I was in the housekeeper’s room alone, for Mrs. Bowden had gone up, it being long past midnight, and I was lying on the sofa, the vial of vitriol beside me on the table, for I had been foolishly fingering it, when there came a tapping at that back door which opens upon the passage. I get up, I go to it, I open it.... And it was _he_! Oh, my wild one with wings, with the light of life flying wildly in his eyes, it was he! and while one might reckon three I stood breathless, then with a cry was on his breast.

His nature is not yet coaxed over into tolerating the luxury of kissing, and even in the ecstasy of our meeting his chastity shrank from the touch of my lips; but, my faith, that will soon be “al-right”! and he patted my shoulder fondly, even while hurriedly saying, “I need light for an hour or two.”

I was too much flurried to attend to what he said! I cooed to him, “And is it actually true that you have come back to me?”

“Yes, yes, let me get in,” he mutters hurriedly, and now, seizing Healy by the sleeve, hurries in into the housekeeper’s room. He had climbed outside, and spied me alone in there through the window, Healy told me afterwards.

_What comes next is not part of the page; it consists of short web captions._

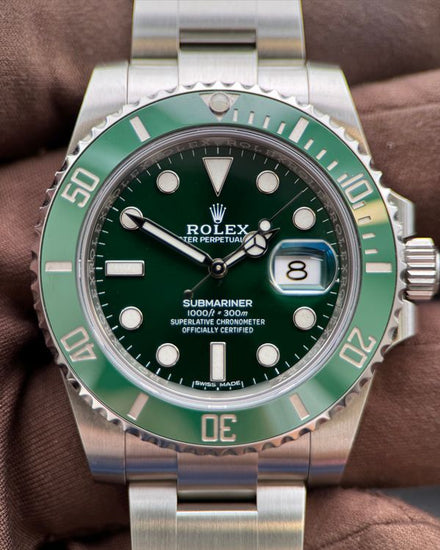 2018 Rolex Submariner Date "Hulk" 40MM Green Dial Oyster Bracelet (116610LV)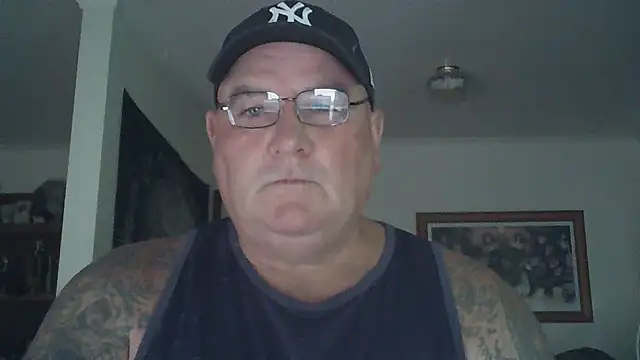 Snapshot of HOTANAL chatting on 03.16.25 HOTANAL online show from 03.16.25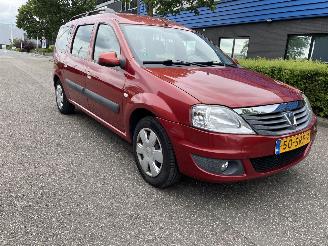 Dacia Logan 1.6 7persoons picture 2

But his air was much changed! all bustle now, business, and aloofness from one! When I now said to him, “But where, then, have you been?” he mutters to Healy, “Just answer her questions, and see that she speaks in whispers,” and instantly sits to the table, places on it that ink-bottle “stele” of his that he had left in the cave, takes a magnifying-glass out of his shirt, and begins to gaze through it at the marks that are cut in the stone.

“But tell me——” I began to say to him, when “_Sh-h-h!_” breathes Healy into my ear, “_I_’ll tell you,” and draws me away to a corner, where he whispers me, “Mum, can you offer a body such a thing as a bite of something? He”—indicating Hannibal Lepsius with his thumb—“can do without food and sleep, but that’s a bit more than _I_ can bring off, anyway.”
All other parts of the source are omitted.